Let's see how this pans out by analyzing my own thinking around the current migration debate. The problem I am identifying is that the US government, as of some two-plus months ago, declared out of the blue that it would be separating children from their asylum-seeking parents. After public outcry, President Trump signed an executive order that would replace separation of families with joint, indefinite incarceration of families with their children. This is a problem, because in both cases you are denying the right to seek asylum (which is guaranteed in the UN Universal Declaration of Human Rights, signed by the US). More viscerally as relates specifically to children, you are either denying them their families or denying them their freedom, neither of which is acceptable (and both of which, incidentally, also violate the Universal Declaration). My proposed solution is that you do away with both of these policies. This would mean either reverting to the pre-April 2018 status quo of leaving families in freedom as their asylum claims are processed, or eventually thinking of a better way to handle these claims. But whatever the long-term solution to the larger, more holistic question, which is certainly a valid one, there is a simple, short answer to how to deal with any new policy that violates basic principles of human rights, especially for children. Get rid of it.
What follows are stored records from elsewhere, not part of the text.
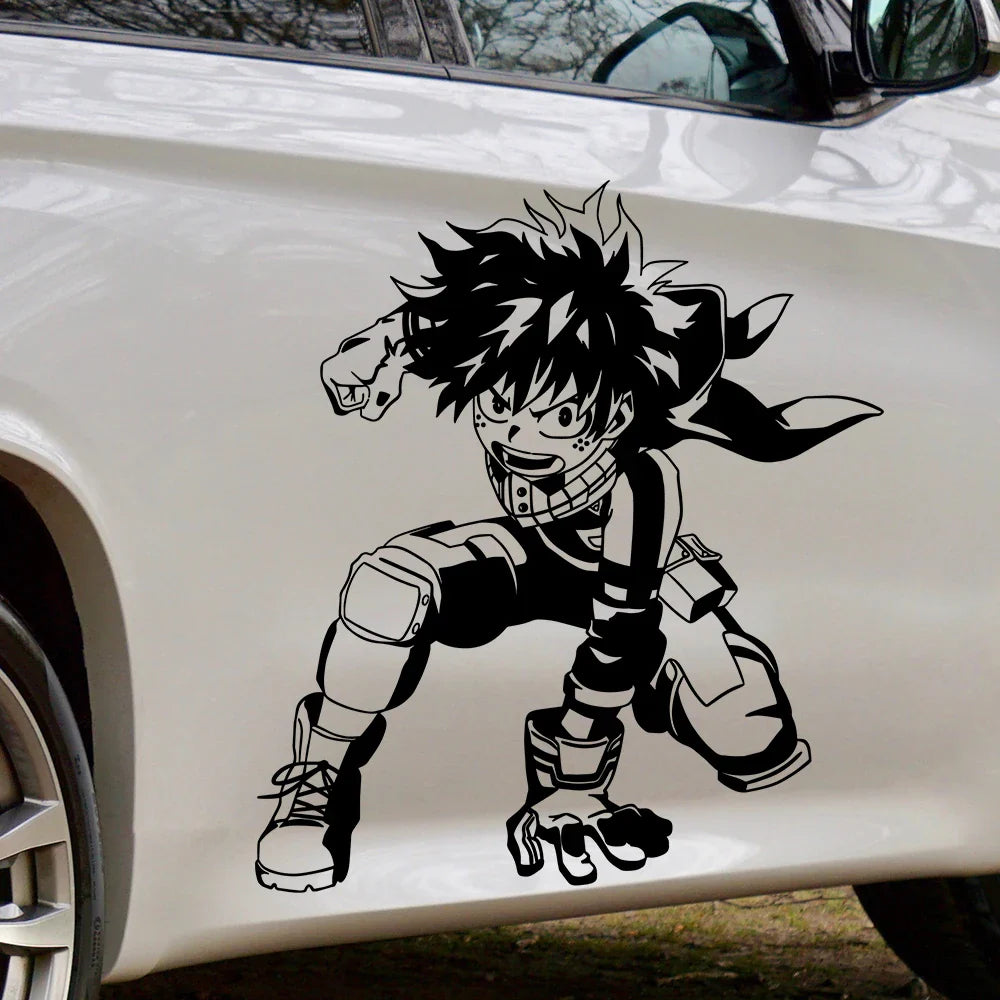 Large Anime Car Sticker Exterior Accessories Bodywork Styling Hood Decoration Automobile Parts Die Cutting PVC Vinyl Decals (ONLINE ORDER ONLY)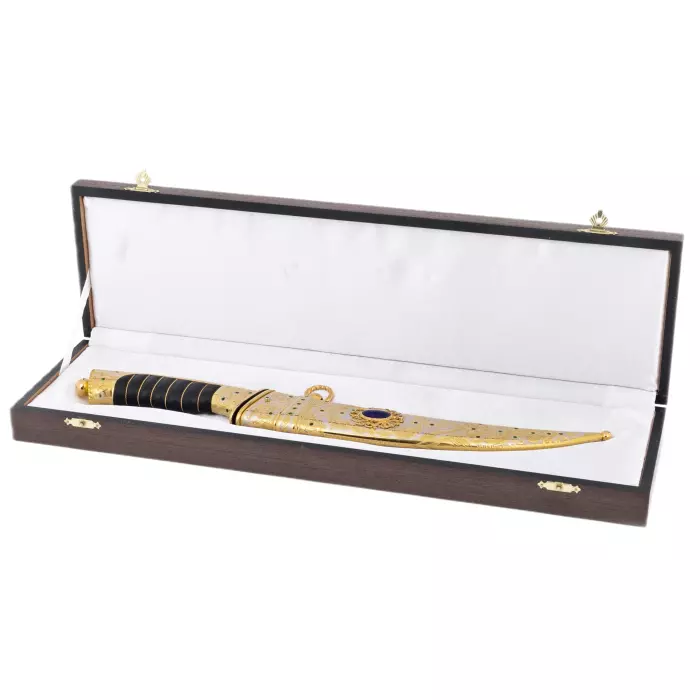 Кинжал сувенирный "Бебут" с лазуритом, Златоуст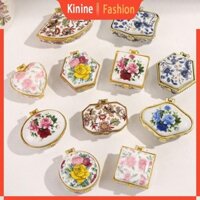 Bộ 4 Hộp đựng đồ trang sức KIN Hộp đựng đồ trang sức bằng sứ thanh lịch có khóa kim loại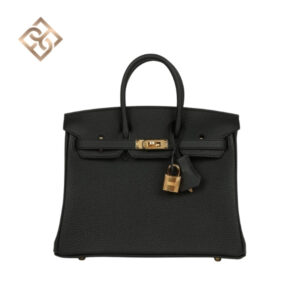 Hermès Birkin 25 Black Togo Gold Hardware
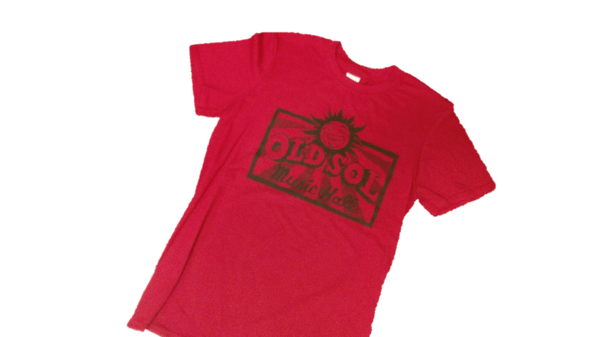Image of Old Sol Music Hall -- Adult T-Shirt (Red)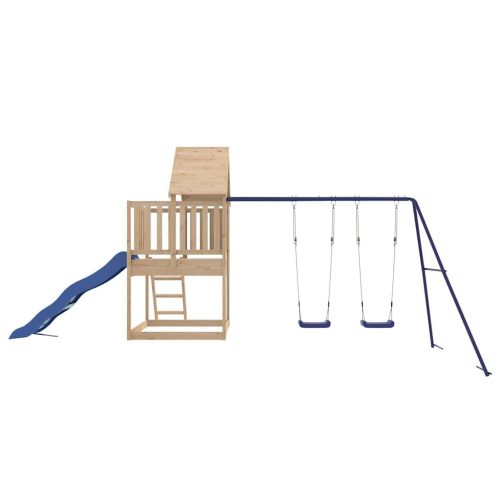  tömör fenyőfa kültéri játszószett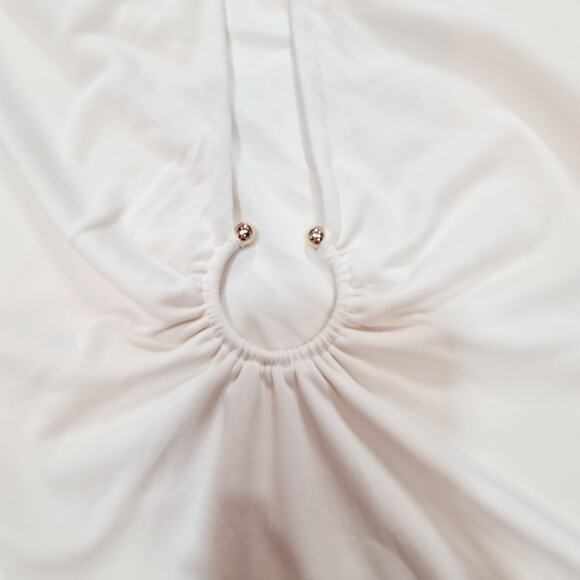 Camila Coelho Reyes Bodysuit in Beige Small - Picture 4 of 15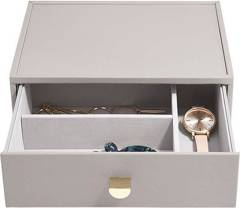 Szkatułka na biżuterię Stackers classic taupe z szufladą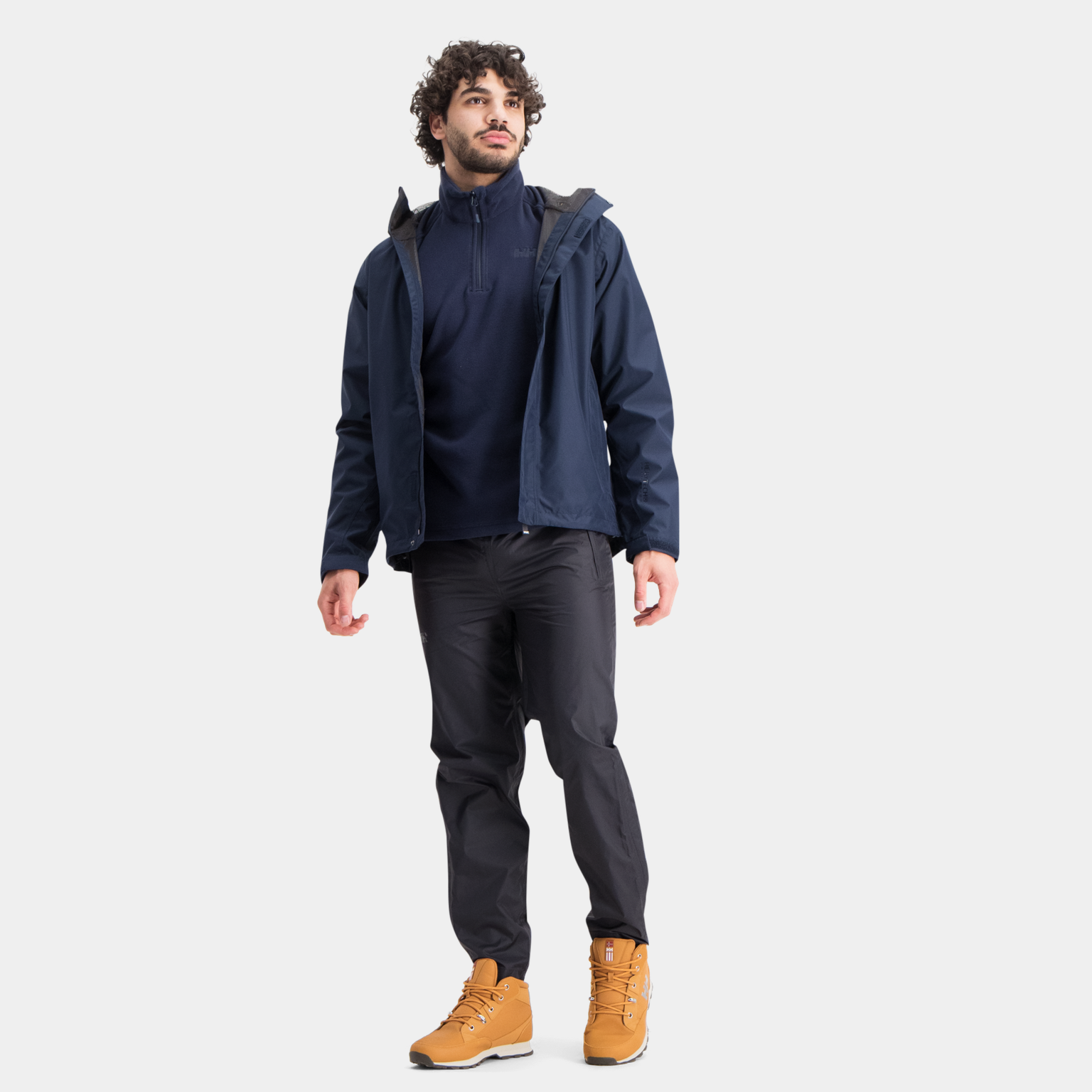  Heren Daybreaker fleecejack met halve rits, fleece trui.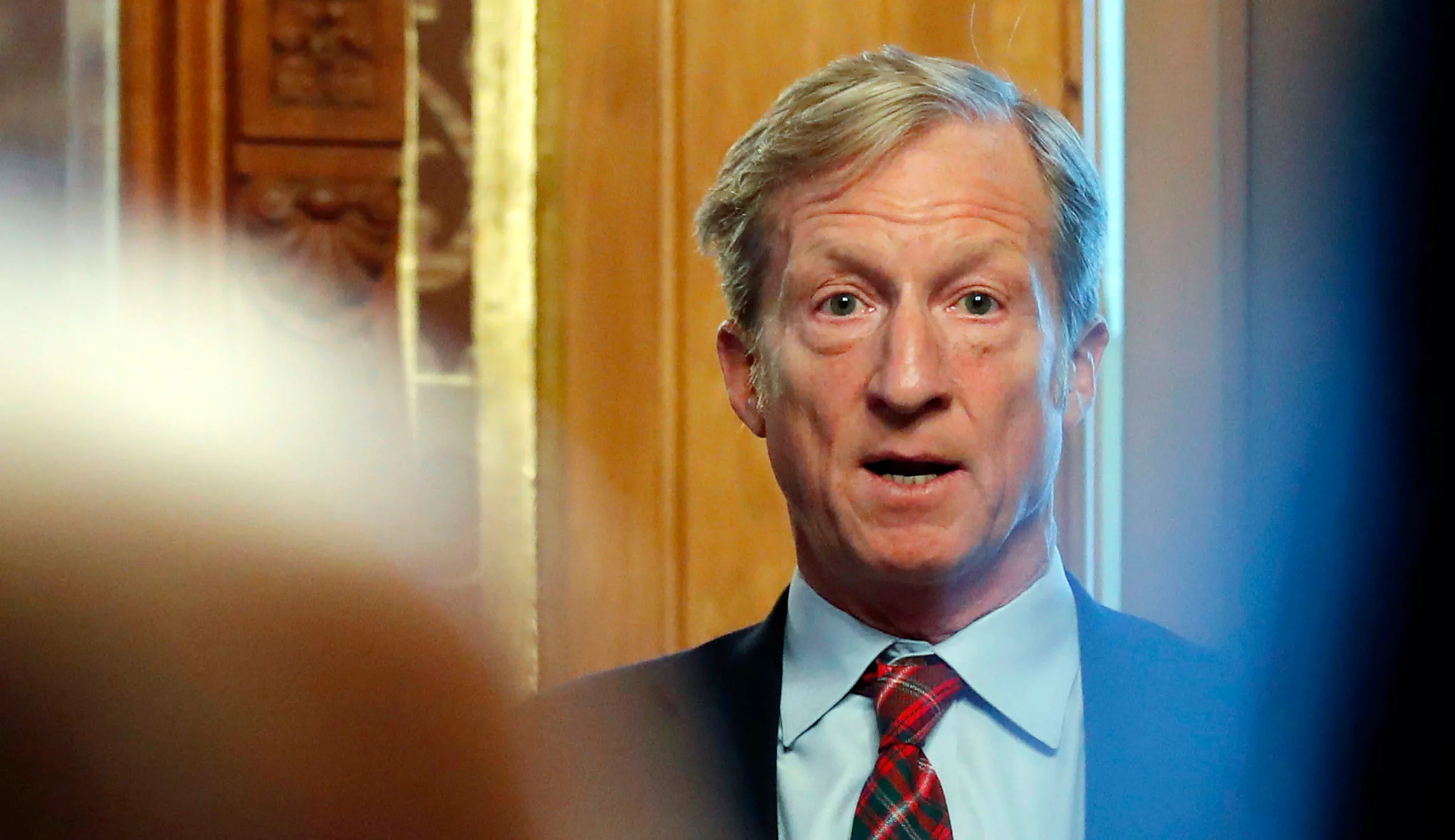 Tom Steyer booted from liberal conference speaking spot over lack of poll support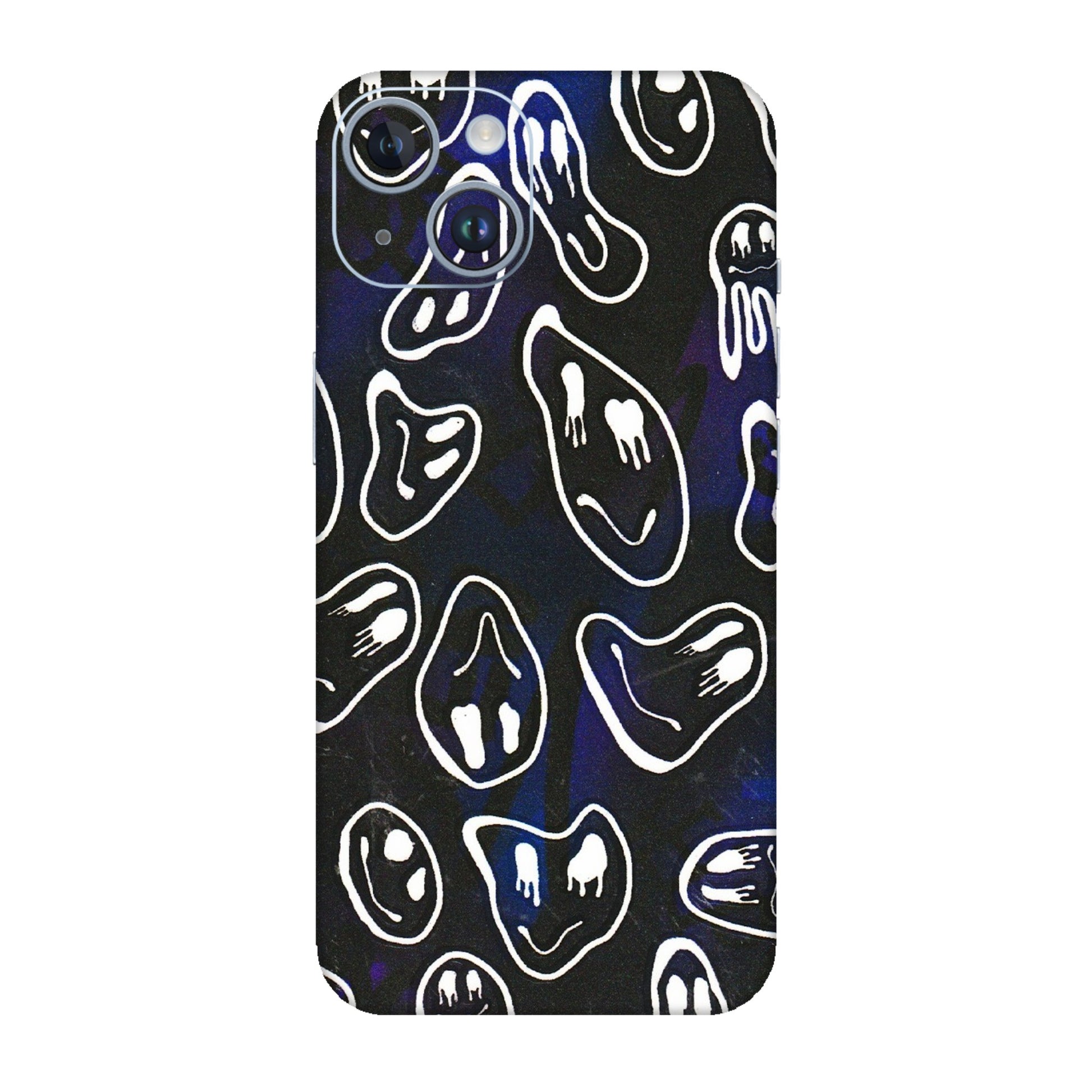 Apple iPhone Skins (All Models) - Distorted Smileys - 3D Embossed Finish (L-92) iPhone 14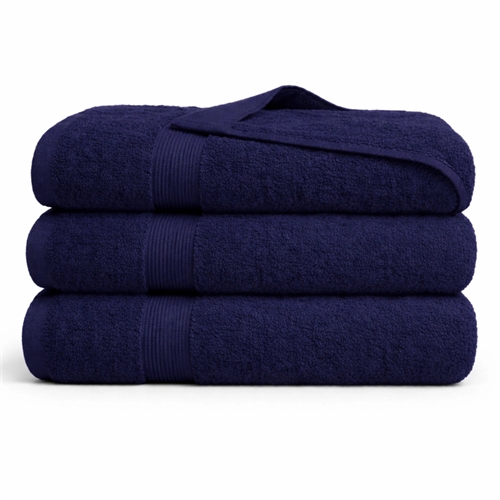 Bambus-Handtuch - Badetuch 70x140 cm - Bambus/Baumwolle - Dunkelblau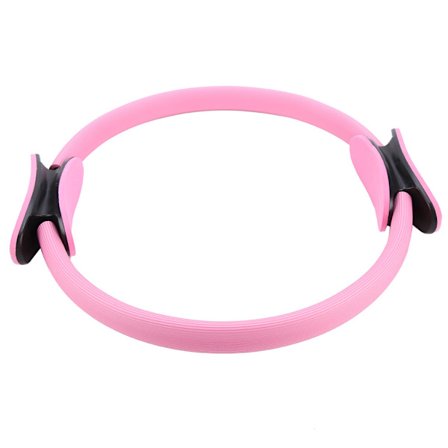 4 farger Dobbelgrep Yoga Pilates Ring Motstandssirkel for lår og ben Fitness Rosa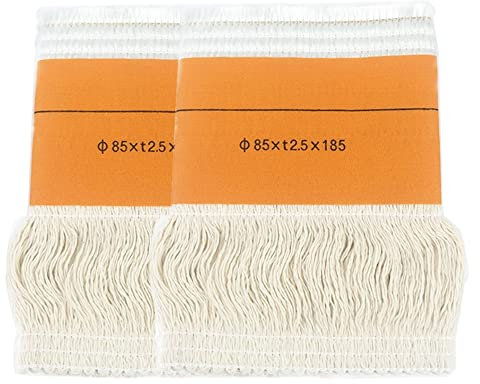 Lot de 2 mèches de chauffage en fibre de verre et coton pour poêle à kérosène + 100 % coton (85 x 2,5 x 185 mm)
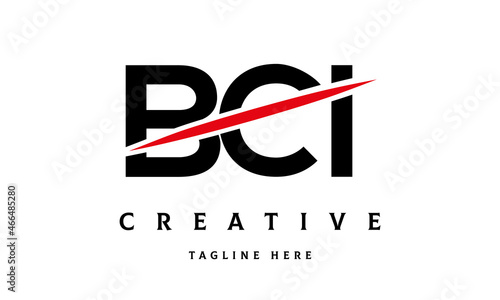 BCI creative cut three latter logo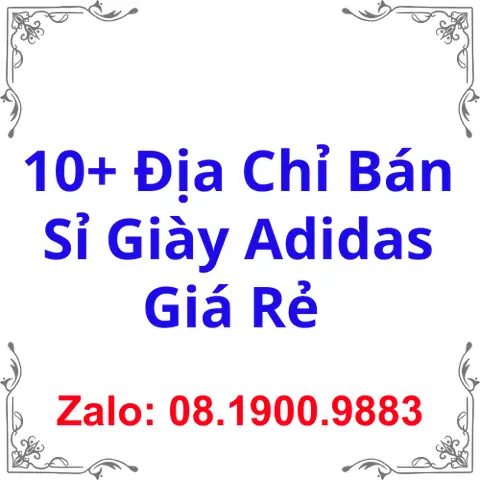 Top 10 Shop Bán Giày Adidas Replica Uy Tín, Giá Rẻ Tại Tphcm (2026)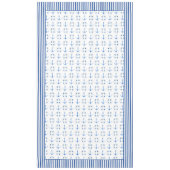 Waterverf Boat Anker Lifebuoy Gestreepte Rand Tafelkleed (Voorkant)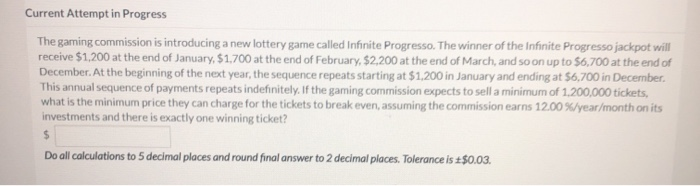  Current Attempt in Progress The gaming commission is introducing a new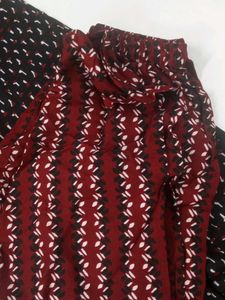 Black Suit Pant With Dupatta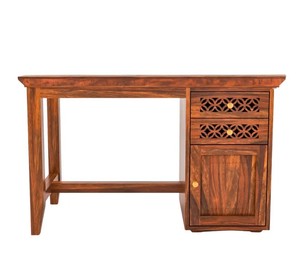 Traditional Wooden Office <b>Desk</b> with Side Cabinet | Executive <b>Computer</b> Table | B2B Wholesale Furniture India - Product Image 6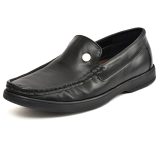 Flexible Shoes - Men's Loafers & Moccasins / Men's Casual shoes. leather Upper, Lining & Socks with Memory foam footpad. Ultra Flexible Sole. Article : MS102-Black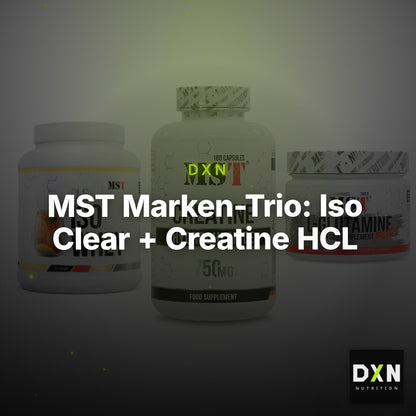 MST Marken-Trio: Iso Clear + Creatine HCL + Glutamine – Clean Showcase Plus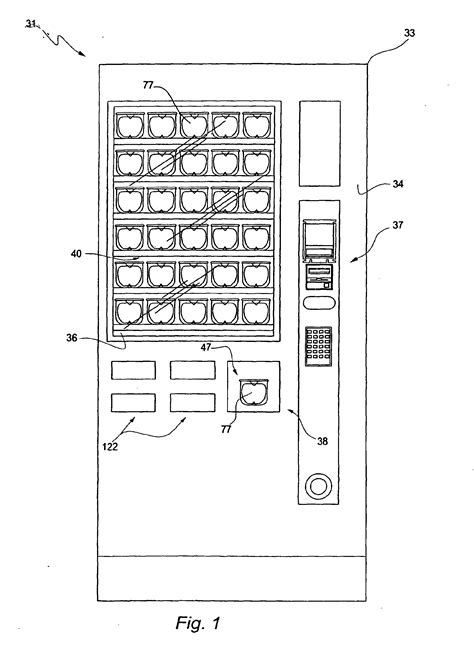 Patent Ep1469431b1 Refrigerated Vending Machine For Fresh Fruits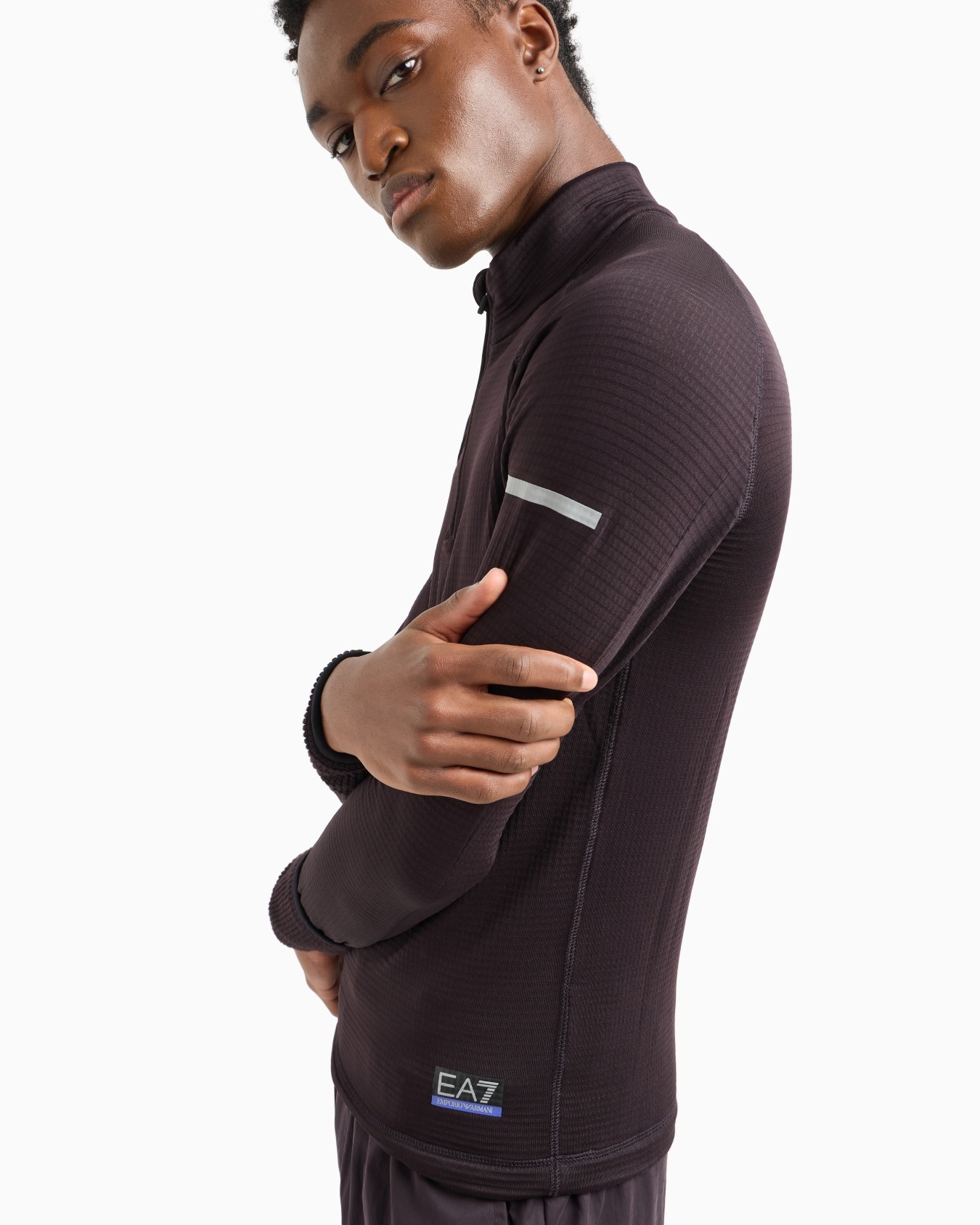 Dynamic Athlete long-sleeved jumper in FUROR7 technical fabric Slide 4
"So you're saying that everything was fine before Trump and Sessions embarked on these new policies?" No, but even the flawed status quo was much better than the new, post-April situation.
But what about people who try to game the system, for example by seeking asylum when they are really just economic migrants? What about migrants who want to have their baby in the US so they can get social welfare benefits? What about that Lebanese guy who runs a liquor store in my neighborhood that sells junk food and addictive substances? What about my Latino coworkers who don't like to talk to me?
My short answer is that I don't know the answer to any of these questions, and I don't need to have an answer to the larger question of how best to reform a system in order for me to be able to say that something is wrong and needs to be undone. None of the above questions have to do with the rightness (or wrongness, in this case), of locking up children or separating them from their families. Some of the points in the prior paragraph are valid (actually, just the first question; the rest are either bogeymen or personal grudges not germane to a migration policy debate), and there are many other questions and issues that have arisen or will arise in any serious debate about how, if at all, we should reform the US migration system. At the march on Saturday, I saw signs and heard many people proposing a wide array of larger solutions to the shortcomings of the system, everything from abolishing ICE (which seems radical until you consider that ICE is only a 21st-century reordering of immigration enforcement), to impeaching Mr. Trump, to stronger labor unions, to naming Merrick Garland to the Supreme Court, to abolishing the bail-bond system, to improving living conditions in origin countries of asylum-seekers. I may sympathize more or less with any given one of these or other proposed solutions, and there is a time for honest debate about them on their merits. But everyone at the march, and I would hope a majority of the US population, would agree that it is illegal and inhumane to punish asylum seekers and abuse their children.